WORK ORDER: Would you retype, word for word, only the lines from the one holding "Leaf Decorative Photo Frame" through the final line of the entries below, without the pictures?

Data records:
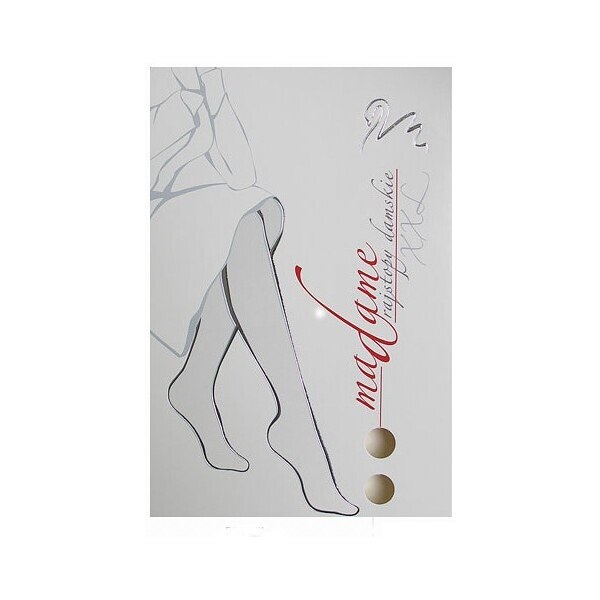 Dámske bavlnené pančuchy Wola W88009 Madame XXL 62986404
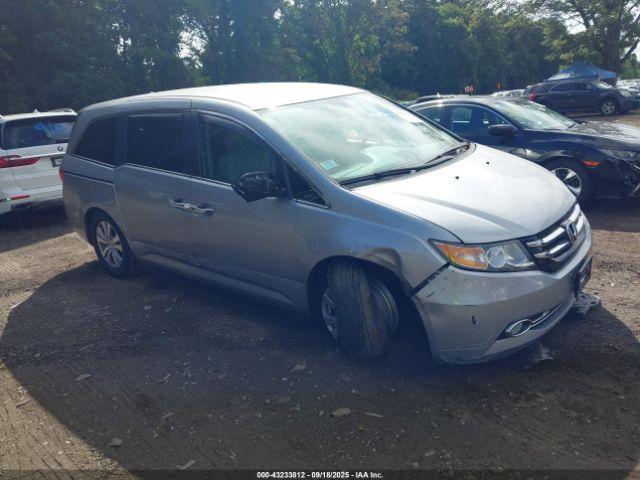  Salvage Honda Odyssey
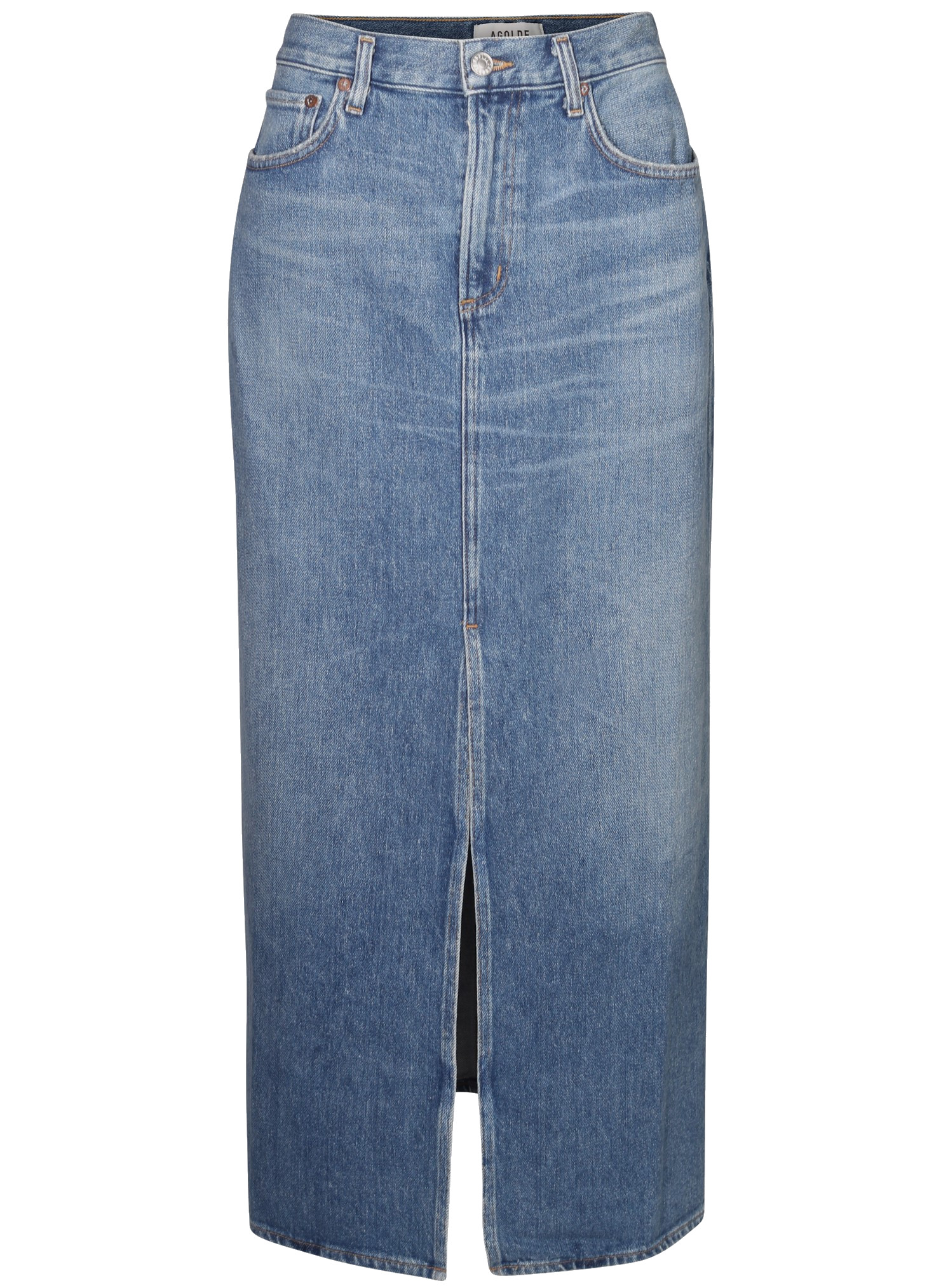 AGOLDE Leif Denim Skirt W 25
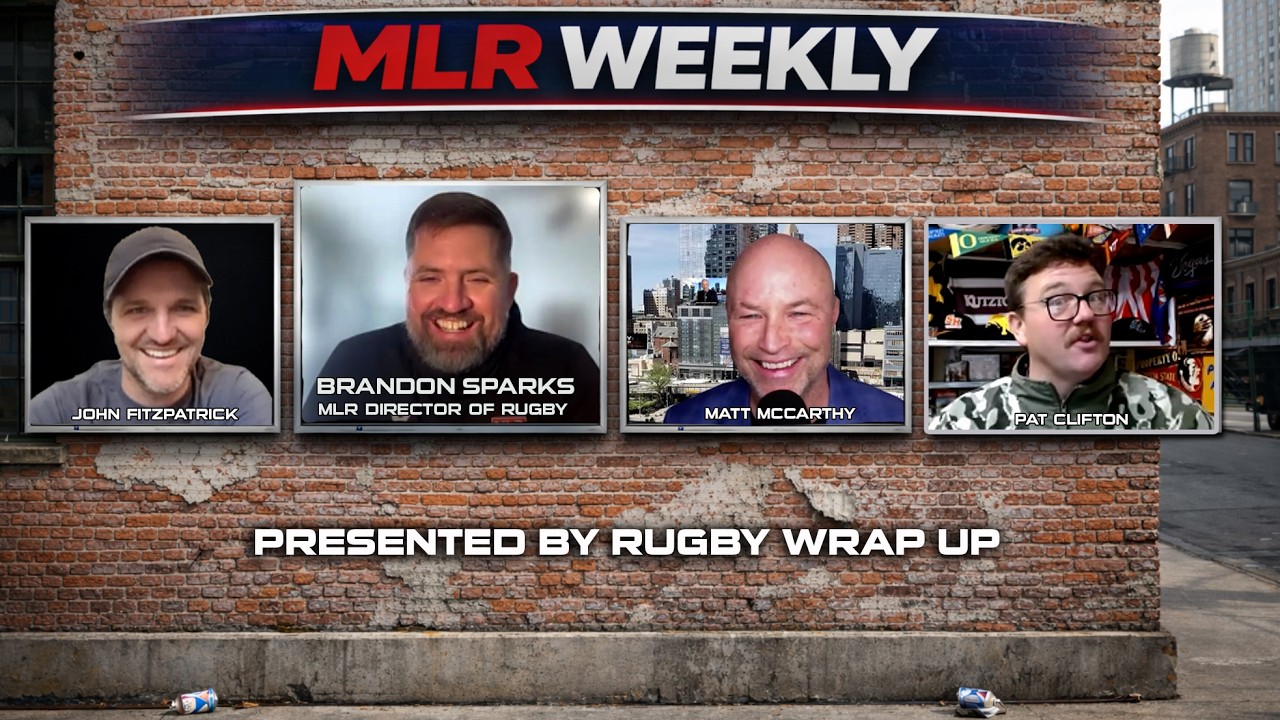MLR Weekly: MLR Director of Rugby Brandon Sparks re Refs/TMO Confusion, NYC HSBC 7s, College Rugby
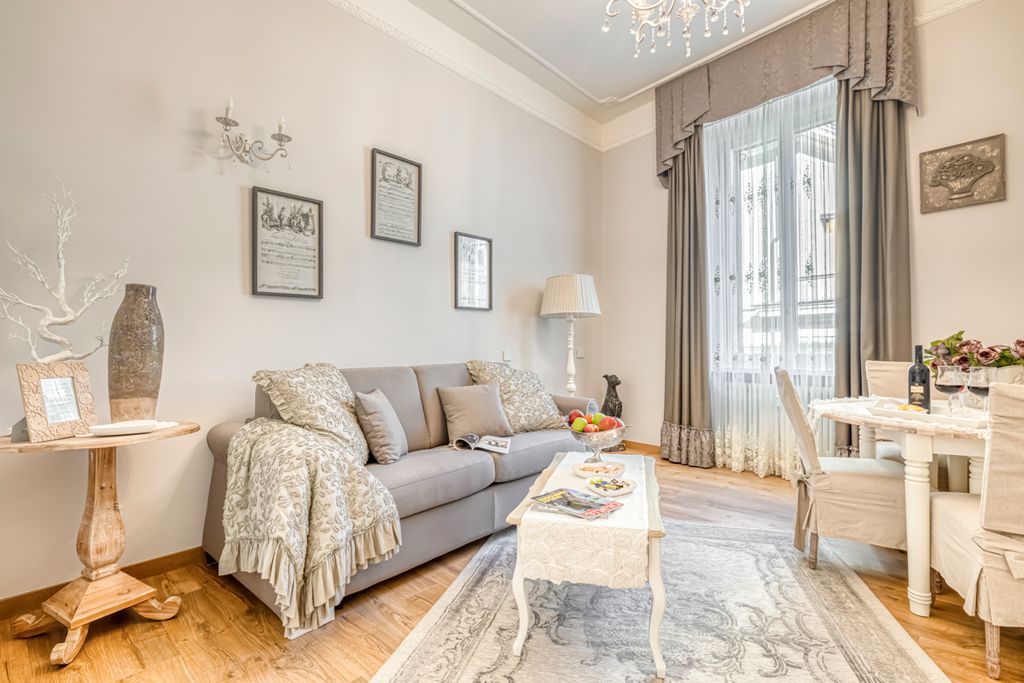 Apartment Ottavia Rome Olivers Travels 2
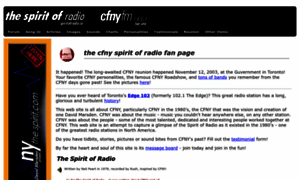 Spiritofradio.ca thumbnail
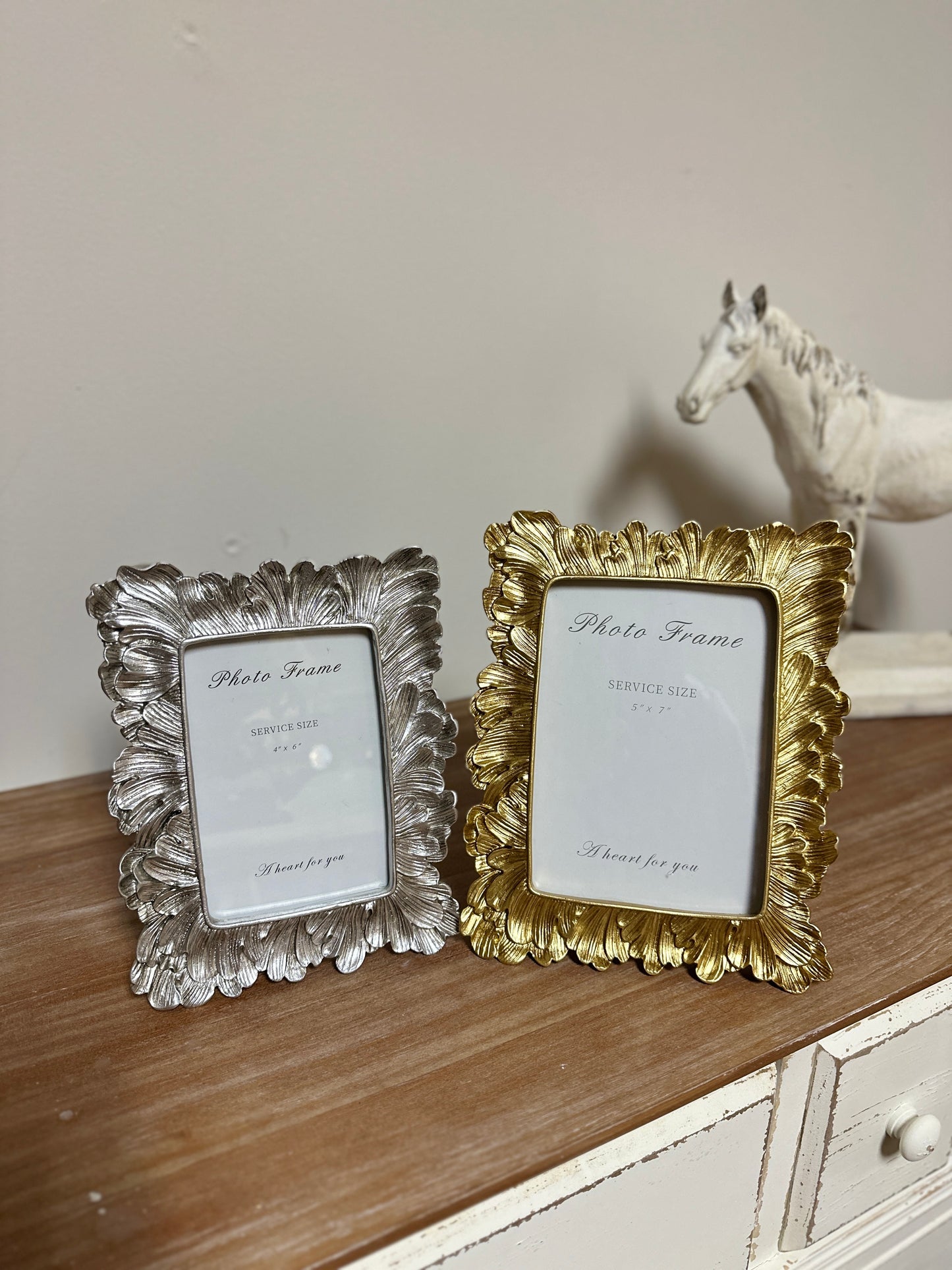 Leaf Decorative Photo Frame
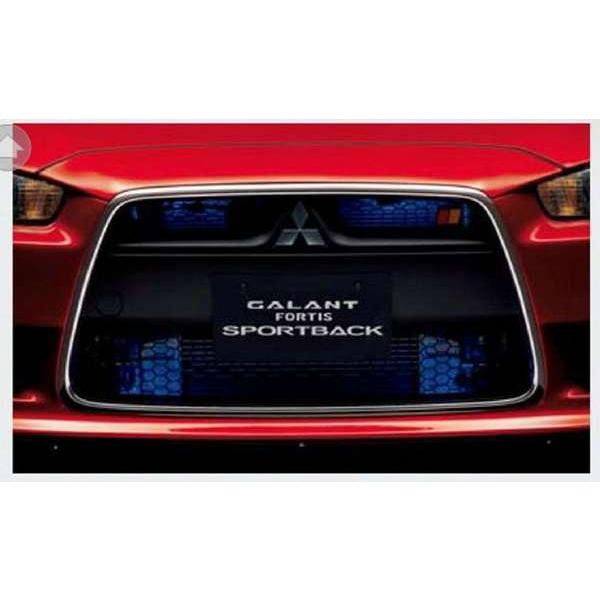 ギャランフォルティス グリル&バンパーイルミネーション 三菱純正部品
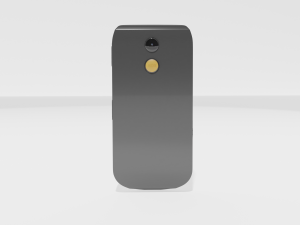big button phone 3D Model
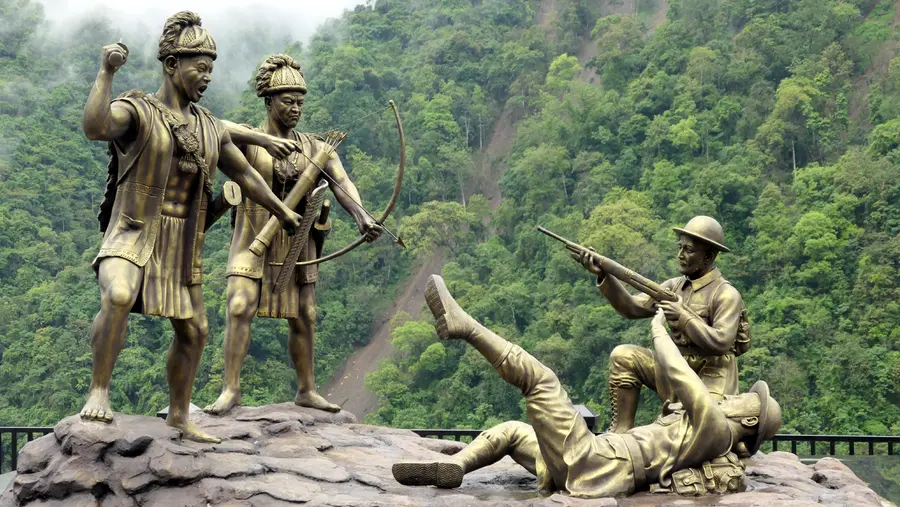 ബബൂകിലെ ആംഗ്ലോ-‐ആഡി യുദ്ധത്തിന്റെ സ്മാരകം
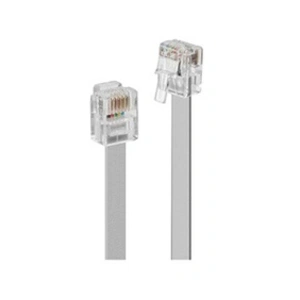 Lindy - Câble de téléphone - RJ-12 (M) pour RJ-12 (M) - 3 m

FINISHED EXERCISE:
 Leaf Decorative Photo Frame
 ギャランフォルティス グリル&バンパーイルミネーション 三菱純正部品
big button phone 3D Model
 ബബൂകിലെ ആംഗ്ലോ-‐ആഡി യുദ്ധത്തിന്റെ സ്മാരകം
 Lindy - Câble de téléphone - RJ-12 (M) pour RJ-12 (M) - 3 m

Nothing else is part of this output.